In [None]:
# !brew install poppler tesseract libmagic
#install globally
#brew install tesseract poppler libmagic
# echo 'export PATH="/opt/homebrew/bin:$PATH"' >> ~/.zshrc
# source ~/.zshrc

In [None]:
import os

from dotenv import load_dotenv
load_dotenv()

os.environ["OPENAI_API_KEY"] = os.getenv("OPENAI_API_KEY")
os.environ["GROQ_API_KEY"] = os.getenv("GROQ_API_KEY")
os.environ["LANGCHAIN_API_KEY"] = os.getenv("LANGCHAIN_API_KEY")
os.environ["LANGCHAIN_TRACING_V2"] = os.getenv("LANGCHAIN_TRACING_V2")

### Partition PDF tables, text, and images

In [None]:

import os

os.environ["PATH"] += os.pathsep + "/opt/homebrew/bin"

In [None]:
import subprocess
import sys

# Check if tesseract is accessible
try:
    result = subprocess.run(["tesseract", "--version"], capture_output=True, text=True)
    print("Tesseract version:", result.stdout)
except FileNotFoundError:
    print("Tesseract not found in PATH")

# Check PATH
import os

print("Current PATH:", os.environ.get("PATH", ""))

In [None]:
from unstructured.partition.pdf import partition_pdf

output_path = "./content/"
file_path = output_path + "attention.pdf"
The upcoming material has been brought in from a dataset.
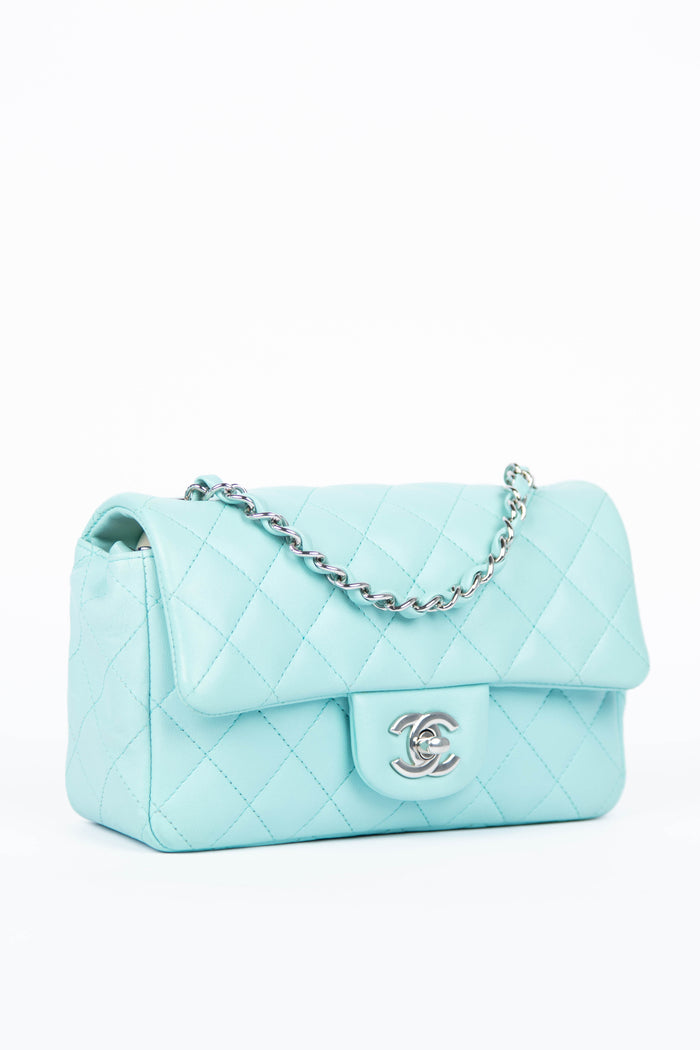 2019 Chanel Tiffany Blue Lambskin Leather Mini Rectangular Flap Bag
# Reference: https://docs.unstructured.io/open-source/core-functionality/chunking
chunks = partition_pdf(
    filename=file_path,
    infer_table_structure=True,  # extract tables
    strategy="hi_res",  # mandatory to infer tables
    extract_image_block_types=[
        "Image"
    ],  # Add 'Table' to list to extract image of tables
    # image_output_dir_path=output_path,   # if None, images and tables will saved in base64
    extract_image_block_to_payload=True,  # if true, will extract base64 for API usage
    chunking_strategy="by_title",  # or 'basic'
    max_characters=10000,  # defaults to 500
    combine_text_under_n_chars=2000,  # defaults to 0
    new_after_n_chars=6000,
    # extract_images_in_pdf=True,          # deprecated
)

In [None]:
set([str(type(el)) for el in chunks])

In [None]:
chunks

### an image example

In [None]:
elements = chunks[3].metadata.orig_elements
chunk_images = [el for el in elements if "Image" in str(type(el))]
chunk_images[0].to_dict()

In [None]:
from unstructured.documents.elements import Table, CompositeElement, Text, Title

tables = []
texts = []
images = []

for chunk in chunks:
    # print(chunk)
    # print(type(chunk))
    # Case 1: Direct Table element (not wrapped in CompositeElement)
    if isinstance(chunk, Table):
        tables.append(chunk)

    # Case 2: CompositeElement (e.g., Title + Text + Table grouped)
    elif isinstance(chunk, CompositeElement):
        texts.append(chunk)
        orig_elements = getattr(chunk.metadata, "orig_elements", [])
        for el in orig_elements:
            if isinstance(el, Table):
                tables.append(el)

In [None]:
tables

In [None]:
texts

In [None]:
# Get the images from the CompositeElement objects
def get_images_base64(chunks):
    images_b64 = []
    for chunk in chunks:
        if "CompositeElement" in str(type(chunk)):
            chunk_els = chunk.metadata.orig_elements
            for el in chunk_els:
                if "Image" in str(type(el)):
                    images_b64.append(el.metadata.image_base64)
    return images_b64


images = get_images_base64(chunks)

In [None]:
images

### Text and Table Summary

In [None]:
from langchain_groq import ChatGroq
from langchain_core.prompts import ChatPromptTemplate
from langchain_core.output_parsers import StrOutputParser

In [None]:
# Prompt
prompt_text = """
You are an assistant tasked with summarizing tables and text.
Give a concise summary of the table or text.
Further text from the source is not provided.